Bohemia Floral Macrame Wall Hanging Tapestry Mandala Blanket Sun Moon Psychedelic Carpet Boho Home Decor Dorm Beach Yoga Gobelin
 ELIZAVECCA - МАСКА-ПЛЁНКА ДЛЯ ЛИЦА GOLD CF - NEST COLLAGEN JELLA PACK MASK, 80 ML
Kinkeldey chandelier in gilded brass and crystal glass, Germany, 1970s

• • • •

Once the listing above has been read, restate it exactly.

Bohemia Floral Macrame Wall Hanging Tapestry Mandala Blanket Sun Moon Psychedelic Carpet Boho Home Decor Dorm Beach Yoga Gobelin
 ELIZAVECCA - МАСКА-ПЛЁНКА ДЛЯ ЛИЦА GOLD CF - NEST COLLAGEN JELLA PACK MASK, 80 ML
Kinkeldey chandelier in gilded brass and crystal glass, Germany, 1970s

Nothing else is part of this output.